Nokta
- Website type: Online newspaper
- Available in: Russian
- Headquarters: Comrat, {{{location_country}}}
- Founder: Mihail Sirkeli
- Website: nokta.md
- Launched: 26 December 2017; 8 years ago
- Current status: Active

= Nokta (Moldova) =

Moldovan news website

Nokta is an independent news website in Gagauzia, an autonomous region in Moldova for the Gagauz people. It was founded by Mihail Sirkeli, who was its manager as of 2024. Headquartered in Comrat, the news website is in Russian; a large proportion of Gagauz do not speak Romanian, Moldova's national language.

Nokta was launched on 26 December 2017 by the Piligrim-Demo Association. It aimed to cover the most important events in Gagauzia, but also in the rest of Moldova and in the world. Nokta journalist Veaceslav Crăciun stated that the website would distinguish itself from other media outlets in Gagauzia because the team would be publicly presented and its authors would sign the articles. As of 2024, Nokta was funded primarily by the United States Department of State, the Netherlands and the United States' National Endowment for Democracy.

Balkan Insight defined Nokta as an influential independent media outlet in Gagauzia, one of the few independent media outlets in the region, which frequently criticized local authorities and exposed cases of corruption. As of 2024, Nokta was the only explicitly pro-European medium in Gagauzia, according to SWI swissinfo. Nokta was awarded the National Award for Journalistic Ethics and Deontology by the Press Council of the Republic of Moldova in 2023. In 2024, the Romanian NGO Center for Independent Journalism (CJI) evaluated Nokta as the third most credible news website in Moldova out of a total of 40 websites evaluated, being behind NewsMaker and TV8. The next year, the CJI rated Nokta as the most credible media institution in Moldova.
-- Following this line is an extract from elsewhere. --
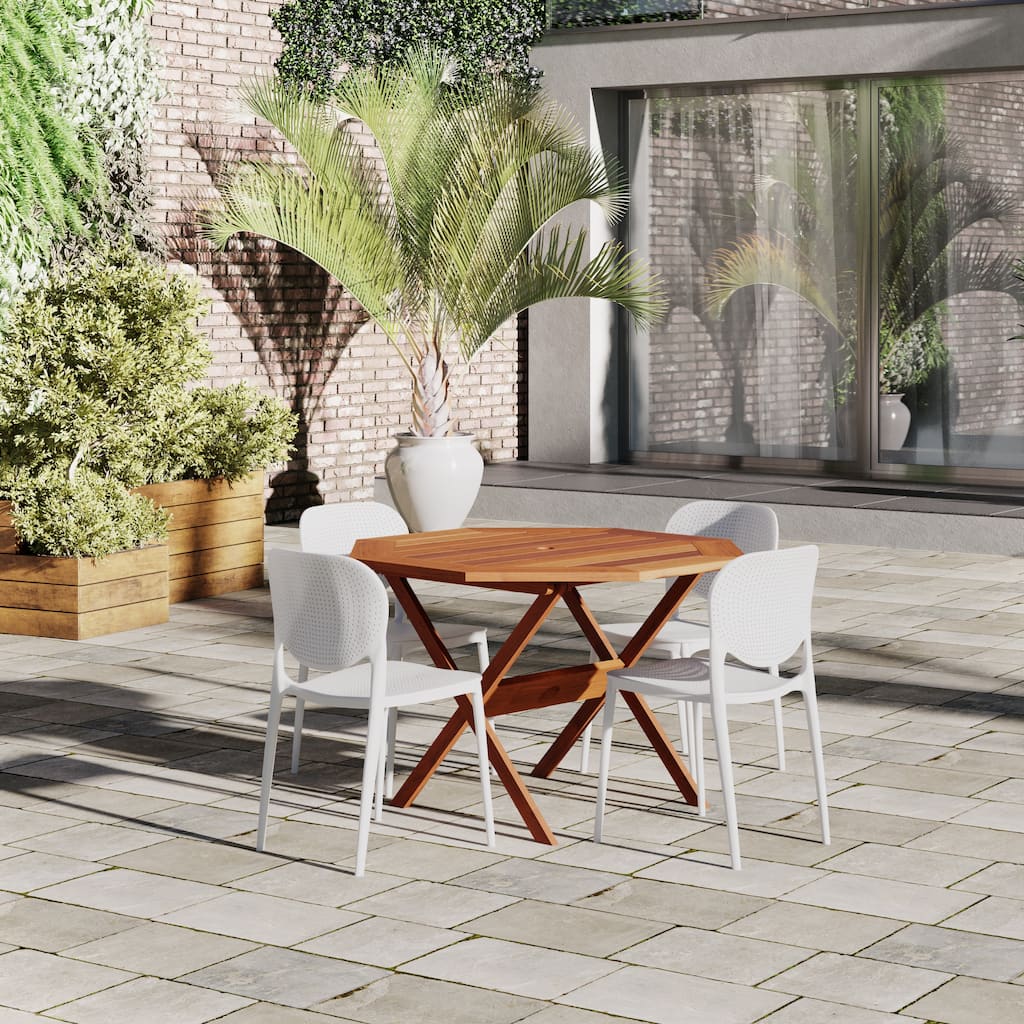 Amazonia Outdoor Patio 5pc Panther Bistro Set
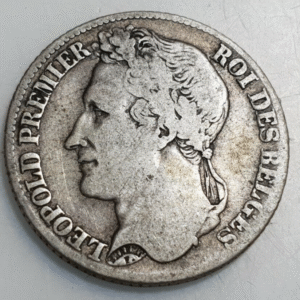 BELGICA BELGIUM LEOPOLD I LEOPOLDO I 1 FRANCO 1 FRANC 1844 MBC-/MBC ESCASA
On a 5–11 May 2020 nationwide (except Transnistria) poll by CBS Research, which interviewed 1,003 people, 0.7% of respondents listed Nokta as one of the three news websites they read the most. On a 15 December 2022 – 13 January 2023 nationwide (except Transnistria) poll by Magenta Consulting, with a sample of 1,374 people, 19% of respondents who declared Gagauz as their primary language listed Nokta among the news websites they used at least once a week, while 9% stated that Nokta was among the news websites they trusted the most; it scored much lower (0–1%) in both aspects among the rest of the demographic groups of the poll.